NY State Cybersquatting Action Relating to Personal Names

Plaintiff, Norman Seabrook, is the president of the NYC Correction Officers’ Benevolent Association (“COBA”).  Defendant is running for the presidency of COBA and registered NORMANSEABROOK.COM, which resolves to a website supporting his candidacy.  Plaintiff alleges dilution, federal cybersquatting, NY right to privacy, NY deceptive practices and NY unlawful registration of a domain name (Business Law Section 148), which reads in pertinent part:

§ 148. Unlawful registration of domain name.

1. No person or entity shall register a domain name that consists of the name of another living person, or a name substantially and confusingly similar thereto, without
that person’s or entity’s consent, with the specific intent to profit
from such name by selling the domain name for financial gain to that
person or any third party.

The federal cybersquatting cause has to solve the personal name conundrum – namely, was the personal name used as a trademark.
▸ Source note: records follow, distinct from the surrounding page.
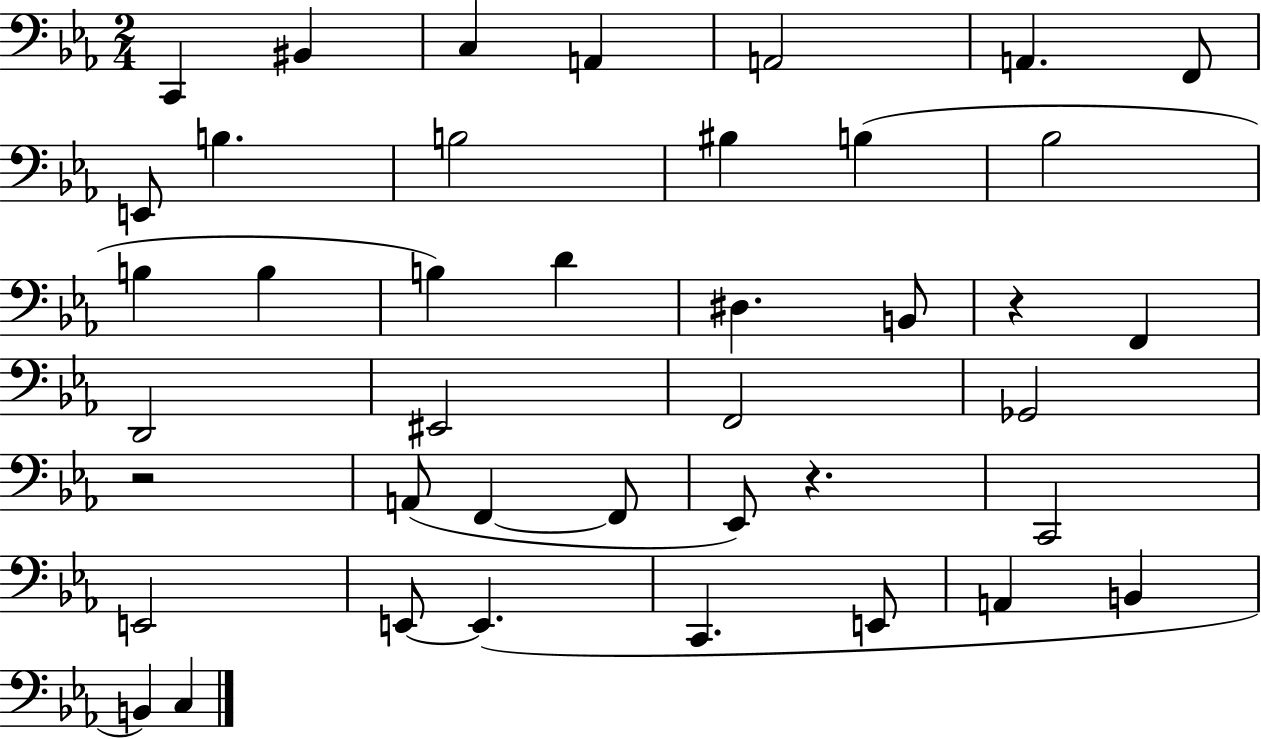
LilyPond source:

{
  \clef bass
  \numericTimeSignature
  \time 2/4
  \key ees \major
  c,4 bis,4 | c4 a,4 | a,2 | a,4. f,8 | \break e,8 b4. | b2 | bis4 b4( | bes2 | \break b4 b4 | b4) d'4 | dis4. b,8 | r4 f,4 | \break d,2 | eis,2 | f,2 | ges,2 | \break r2 | a,8( f,4~~ f,8 | ees,8) r4. | c,2 | \break e,2 | e,8~~ e,4.( | c,4. e,8 | a,4 b,4 | \break b,4) c4 | \bar "|."
}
This (alleged) fact pattern seems to be the sort of thing that would have concerned the NY state legislature when drafting a local cybersquatting statute relating to personal names, and yet it is conceivable that this defendant doesn’t want to sell the name.
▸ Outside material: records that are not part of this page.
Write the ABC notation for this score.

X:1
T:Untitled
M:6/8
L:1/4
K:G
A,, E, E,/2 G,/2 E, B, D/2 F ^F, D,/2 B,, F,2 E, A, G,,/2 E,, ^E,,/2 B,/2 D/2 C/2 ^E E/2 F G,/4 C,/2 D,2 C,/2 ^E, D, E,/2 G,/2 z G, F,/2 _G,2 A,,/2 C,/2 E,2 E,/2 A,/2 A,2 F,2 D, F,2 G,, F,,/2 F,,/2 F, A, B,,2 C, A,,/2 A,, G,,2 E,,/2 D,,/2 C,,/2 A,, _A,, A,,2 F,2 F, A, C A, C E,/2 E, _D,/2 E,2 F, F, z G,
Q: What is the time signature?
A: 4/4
Complaint Seabrook Ny State

2 responses to “NY State Cybersquatting Action Relating to Personal Names”

  1. Vincent Lyon says:

    It certainly doesn’t sound like he registered it with the intent to profit “by selling” it.
    Correct me if I’m wrong, but doesn’t the federal cybersquatting law simply refer to a bad faith intent to profit? I’d say creating the false impression of endorsement of a candidacy is a bad faith intent to profit, even if not to profit by selling.